The episode we see on screen is a thoughtful examination of human duality, of the balance between the positive and negative impulses and qualities that make up humans. We learn that we cannot function without this balance.
That central meaning was missing in Richard Matheson’s story outlines and in his first draft script. In those versions of the story, the “double,” as the second iteration of Kirk is called, is evil but there is no explanation of why, while the “good” Kirk is essentially unchanged except that both are physically weak, as if their strength has been halved. There is even the suggestion that the two have lost mass in the split, an idea that Roddenberry and others dismissed as the Kirks would then have to appear physically smaller on screen.
Matheson submitted his first story outline in early April 1966, with a revised version delivered about two weeks later. His first script was dated April 25. On April 26, Roddenberry sent a memo to Matheson with a number of suggested improvements. The most interesting one, and the idea that absolutely elevates the story, is that both Kirks have suffered a loss. He wrote:
…we should begin to suggest that the real Kirk has been changed by all this too. Deprived of the negative side of his career, he must begin to lose some of the strength that positive-negative gives a man. Decisiveness would be one of the first things he’d have trouble with.
Important, however, his intelligence would tell him something is wrong and he would struggle against all of this. He would know intellectually that his commanding of the ship demands balancing the safety of many against the safety of few, etc.

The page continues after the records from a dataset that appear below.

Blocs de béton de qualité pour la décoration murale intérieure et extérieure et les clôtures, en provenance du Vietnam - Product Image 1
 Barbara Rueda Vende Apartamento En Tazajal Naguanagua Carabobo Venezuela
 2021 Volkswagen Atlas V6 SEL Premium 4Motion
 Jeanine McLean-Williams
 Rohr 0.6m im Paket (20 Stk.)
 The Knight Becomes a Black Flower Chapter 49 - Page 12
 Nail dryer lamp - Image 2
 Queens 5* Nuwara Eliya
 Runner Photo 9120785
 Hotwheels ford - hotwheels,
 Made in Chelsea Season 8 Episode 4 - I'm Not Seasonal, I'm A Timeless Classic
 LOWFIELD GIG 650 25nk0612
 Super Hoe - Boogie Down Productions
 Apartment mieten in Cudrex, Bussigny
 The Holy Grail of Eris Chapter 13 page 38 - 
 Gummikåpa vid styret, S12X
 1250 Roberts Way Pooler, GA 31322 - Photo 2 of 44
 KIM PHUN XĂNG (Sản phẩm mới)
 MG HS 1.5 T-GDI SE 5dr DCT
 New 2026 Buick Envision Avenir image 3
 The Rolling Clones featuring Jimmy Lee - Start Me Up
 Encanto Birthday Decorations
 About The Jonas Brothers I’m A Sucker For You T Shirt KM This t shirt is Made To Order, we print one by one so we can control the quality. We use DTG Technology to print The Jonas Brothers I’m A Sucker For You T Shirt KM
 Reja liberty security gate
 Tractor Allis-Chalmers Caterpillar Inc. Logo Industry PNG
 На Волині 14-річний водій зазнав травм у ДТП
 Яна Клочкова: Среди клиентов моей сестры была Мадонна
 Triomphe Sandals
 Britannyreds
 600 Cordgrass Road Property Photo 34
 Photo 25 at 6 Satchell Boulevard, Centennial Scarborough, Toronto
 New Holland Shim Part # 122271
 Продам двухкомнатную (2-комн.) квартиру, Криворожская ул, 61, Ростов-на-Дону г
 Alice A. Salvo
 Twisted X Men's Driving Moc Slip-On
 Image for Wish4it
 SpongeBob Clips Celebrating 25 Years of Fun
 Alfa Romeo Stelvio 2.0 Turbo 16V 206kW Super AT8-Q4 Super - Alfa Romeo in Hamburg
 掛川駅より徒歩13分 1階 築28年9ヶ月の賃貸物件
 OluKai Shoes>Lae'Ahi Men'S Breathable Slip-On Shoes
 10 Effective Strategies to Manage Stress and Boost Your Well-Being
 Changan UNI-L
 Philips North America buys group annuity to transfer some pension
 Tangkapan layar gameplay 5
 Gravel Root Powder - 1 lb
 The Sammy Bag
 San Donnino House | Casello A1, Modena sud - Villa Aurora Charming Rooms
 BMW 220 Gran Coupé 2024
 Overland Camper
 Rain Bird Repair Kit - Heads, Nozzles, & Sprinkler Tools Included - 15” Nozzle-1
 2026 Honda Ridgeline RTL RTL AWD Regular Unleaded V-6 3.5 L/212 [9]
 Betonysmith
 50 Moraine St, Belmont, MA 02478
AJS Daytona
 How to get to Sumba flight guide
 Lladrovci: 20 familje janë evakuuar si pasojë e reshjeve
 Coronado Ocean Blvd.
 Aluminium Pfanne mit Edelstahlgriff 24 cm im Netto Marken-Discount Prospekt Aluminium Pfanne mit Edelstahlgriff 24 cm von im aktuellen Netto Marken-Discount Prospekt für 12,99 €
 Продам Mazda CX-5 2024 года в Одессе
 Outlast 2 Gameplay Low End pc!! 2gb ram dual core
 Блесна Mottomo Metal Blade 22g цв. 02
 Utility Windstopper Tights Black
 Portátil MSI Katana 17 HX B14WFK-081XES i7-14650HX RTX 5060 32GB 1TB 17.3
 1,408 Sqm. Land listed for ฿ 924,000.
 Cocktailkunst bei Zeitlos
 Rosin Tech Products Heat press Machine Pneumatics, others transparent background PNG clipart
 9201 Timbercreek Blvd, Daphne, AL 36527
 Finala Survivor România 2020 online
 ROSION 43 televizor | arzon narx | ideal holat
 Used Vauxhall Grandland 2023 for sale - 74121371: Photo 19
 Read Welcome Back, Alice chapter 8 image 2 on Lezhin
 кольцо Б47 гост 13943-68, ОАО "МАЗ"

We see this idea play out exactly as Roddenberry suggested halfway through the screened episode, with the “good” Kirk talking to McCoy and Spock while the other is strapped to a bed in sickbay:
Spock: We have here an unusual opportunity to appraise the human mind, or to examine, in Earth terms, the roles of good and evil in a man. His negative side, which you call hostility, lust, violence, and his positive side, which Earth people express as compassion, love, tenderness.
McCoy: It’s the Captain’s guts you’re analysing. Are you aware of that, Spock?
Spock: Yes, and what is it that makes one man an exceptional leader? We see indications that it’s his negative side which makes him strong, that his evil side, if you will, properly controlled and disciplined, is vital to his strength. Your negative side removed from you, the power of command begins to elude you.
Kirk: What is your point, Mister Spock?
Spock: If your power of command continues to weaken, you’ll soon be unable to function as Captain. You must be prepared for that.
McCoy: You have your intellect, Jim. You can fight with that!
Roddenberry’s examination of what it means to be human is far more interesting than Matheson’s take, which towards the end of his story was closer to a monster hunt.
Input from NBC
Stan Robertson was an NBC executive and the Program Manager for Star Trek. While typically an annoyance to the producers, he often had good ideas. That was not the case with this episode, however.
His June 10, 1966 memo, written four days before the cameras rolled on Enemy, offered feedback that would have ruined the episode. He wrote to Roddenberry:
We would further suggest at this time:
1. That there be frequent intervals during the telling of our story in which we make it clearly understood that the “Alter Ego” is not the “real” Kirk, but only a manifestation of some technical failure in the Transporter device which caused “unexplained” changes to occur in anything passing through.
2. That we minimize or eliminate completely the weakness in the “real” Kirk, such as the failure of his ability to make command decisions in the face of the appearance of his “Alter Ego”. We would think that, confronted with this great challenge, he would rise to greater heroic heights, be more definite, the complete antithesis of the “Alter Ego”.
3. That there be a definite resolution in the story of the “Alter Ego”, clearly indicating that he is dead and gone for all times. Further, that what has occurred could have happened to anyone and does not necessarily indicate that the negative qualities, as materialized in the “Alter Ego”, are the secret inner cravings of our hero.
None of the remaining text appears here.